Spectral Collapse in Diffusion Inversion
Nicolas Bourriez, Alexandre Verine, Auguste Genovesio
TL;DR
The paper identifies spectral collapse as a key bottleneck in deterministic diffusion inversion when translating spectrally sparse inputs to spectrally dense targets. It analyzes how inversion dynamics and the choice of prediction target (ε vs $\mathbf{x}_0$) influence latent statistics, showing that naive approaches fail to recover high-frequency textures. To address this, the authors propose Orthogonal Variance Guidance (OVG), which injects high-frequency variance while constraining updates to the null-space of the structural gradient, achieving both texture realism and structural fidelity. Extensive experiments on BBBC021 and Edges2Shoes demonstrate that EDM+OVG yields superior perceptual texture quality and robust structure preservation, expanding the Pareto frontier beyond prior deterministic or stochastic methods.
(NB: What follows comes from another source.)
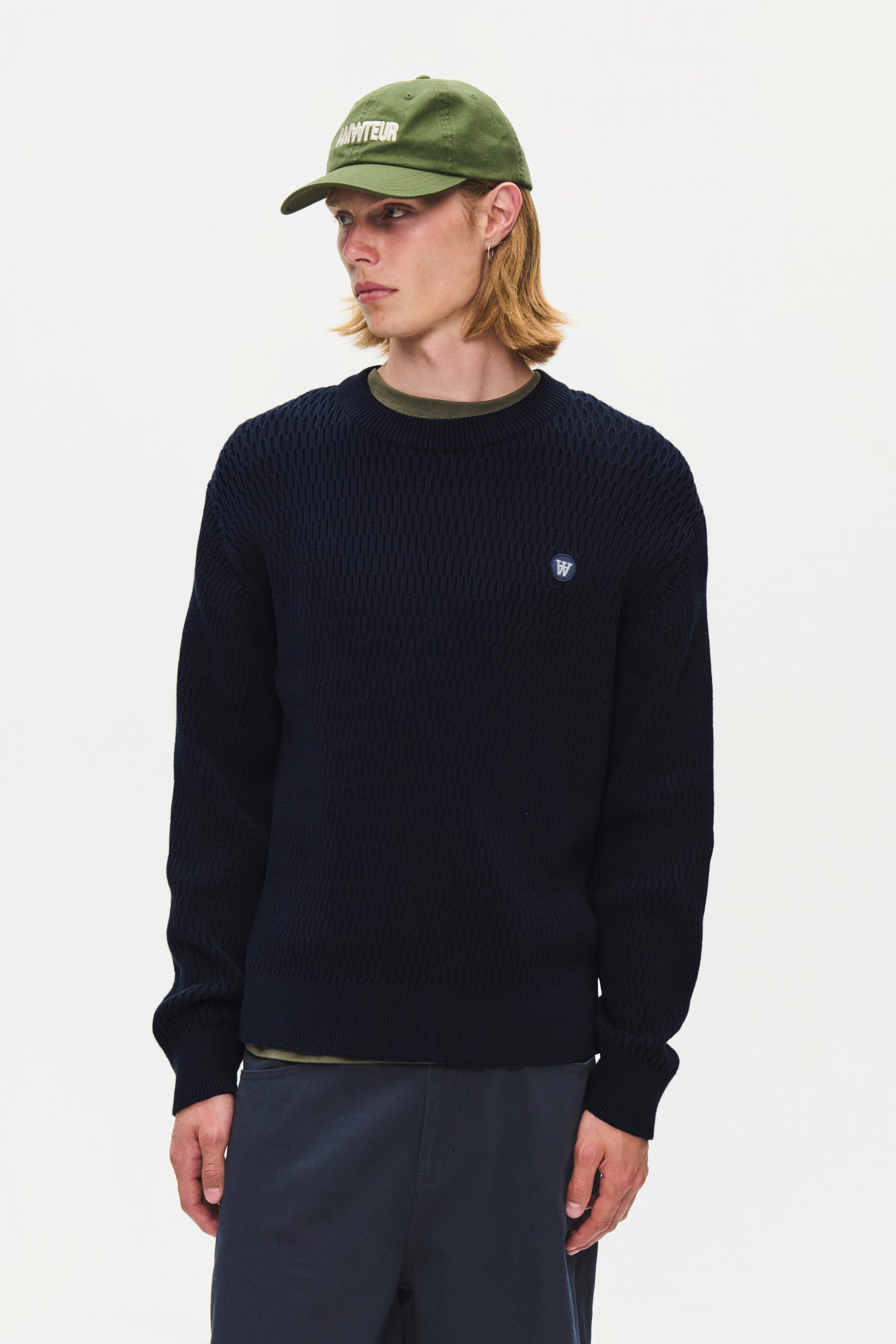 WWKamper Pullover LOOKBOOK FRONT 30252321-194011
The work provides theoretical insights into the spectral properties of diffusion inversion and a practical, inference-time tool for unpaired image translation across spectrally asymmetric domains.
Abstract
Conditional diffusion inversion provides a powerful framework for unpaired image-to-image translation. However, we demonstrate through an extensive analysis that standard deterministic inversion (e.g. DDIM) fails when the source domain is spectrally sparse compared to the target domain (e.g., super-resolution, sketch-to-image). In these contexts, the recovered latent from the input does not follow the expected isotropic Gaussian distribution. Instead it exhibits a signal with lower frequencies, locking target sampling to oversmoothed and texture-poor generations. We term this phenomenon spectral collapse. We observe that stochastic alternatives attempting to restore the noise variance tend to break the semantic link to the input, leading to structural drift. To resolve this structure-texture trade-off, we propose Orthogonal Variance Guidance (OVG), an inference-time method that corrects the ODE dynamics to enforce the theoretical Gaussian noise magnitude within the null-space of the structural gradient. Extensive experiments on microscopy super-resolution (BBBC021) and sketch-to-image (Edges2Shoes) demonstrate that OVG effectively restores photorealistic textures while preserving structural fidelity.